Depressed? Help Is Here.
The Catholic Guide to Depression
How the Saints, the Sacraments and Psychiatry Can Help You Break Its Grip and Find Happiness Again
By Aaron Kheriaty, M.D., with Father John Cihak
Sophia Institute Press, 2012
288 pages, $19.95
To order: sophiainstitute.com
It is highly unlikely that anyone reading this review has been untouched by clinical depression, either as one who has suffered from it or as one who knows others who have.
Dr. Aaron Kheriaty (with Father John Cihak) has written a book to address clinical depression from a perspective that fully acknowledges both its biological and spiritual dimensions.
The Catholic Guide to Depression: How the Saints, the Sacraments and Psychiatry Can Help You Break Its Grip and Find Happiness Again, published by Sophia Institute Press, is, as far as I know, the only book of its kind from a Catholic point of view.
This book provides a full explanation of the illness and current treatments, along with sound advice on how spiritual methods of prayer and the sacraments can assist the standard pharmacological and cognitive treatments.
The first part provides a detailed explanation of types and causes of depression and related disorders, their relation to the spiritual life and the tragedy of suicide. The second part moves on to modes of treatment, with chapters on medication and other biological treatments, psychotherapy, spiritual help for depression, and Divine filiation and hope.
In the foreword, David Franks writes:
“No dramatic aspect of life, and certainly not depression, can be adequately accounted for without the Christian revelation of Christ. … There is a powerful spiritual reality at play, but the insinuation the sufferer is somehow at fault gets things exactly backward; it is the innocence of the depressed one that is the key. This book descends into crucial details about mental illness, but even more impressively descends into the mystery of this, as of all, suffering.”
In speaking to a gathering of psychiatrists, John Paul II offered an explanation of the connection between psychiatry or psychology and religion:
“By its very nature, your work often brings you to the threshold of human mystery.
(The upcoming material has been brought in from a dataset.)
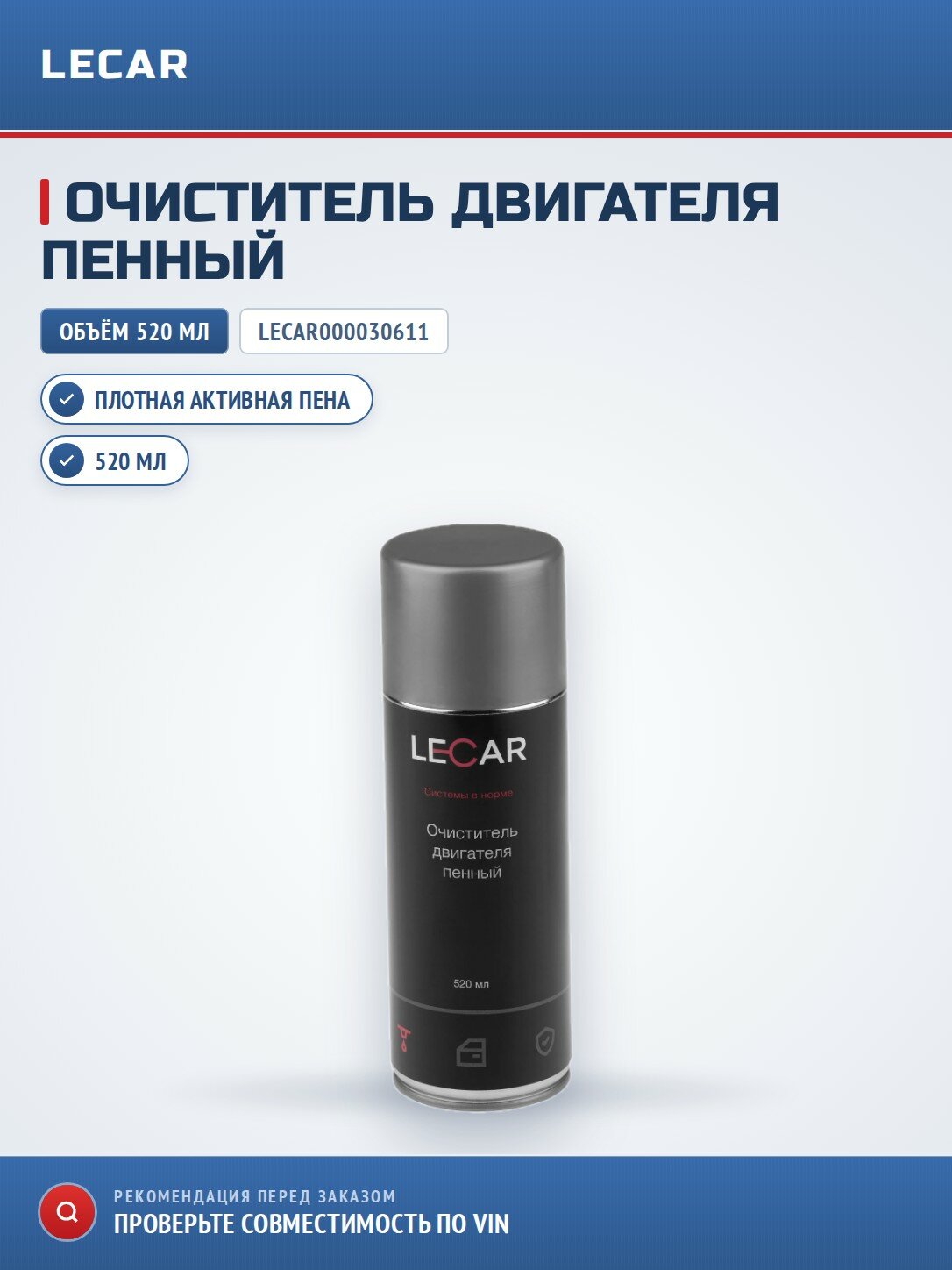 Очиститель LECAR LECAR000030611 для двигателя, пенный 520 мл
It involves sensitivity to the tangled workings of the human mind and heart and openness to the ultimate concerns that give meaning to people’s lives. ... The confessional is not and cannot be an alternative to the psychotherapist’s or psychiatrist’s office, nor can one expect the sacrament of penance to heal truly pathological conditions.”
In a particularly helpful chapter near the end of the book — “Divine Filiation and the Virtue of Hope” — Blessed John Paul is quoted again:
“Christ took all human suffering on himself, even mental illness. ... Yes, even this affliction, which perhaps seems the most absurd and incomprehensible, configures the sick person to Christ and gives him a share in the redeeming Passion.”
The book includes sources for further readings from Catholic authors well-known to Register readers and other Catholic mental-health specialists, such as Dr. Richard Fitzgibbons and Paul Vitz.
This is not a book you take with you on vacation as light reading, but it should be in every Catholic home.
Depression is rampant in our country, for a variety of reasons that the author touches upon in the book. Let us place our hope in the Lord and his merciful Mother, while also taking advantage of the medical help that is available.
Father C. J. McCloskey III is a Church historian and research fellow
at the Faith and Reason Institute in Washington.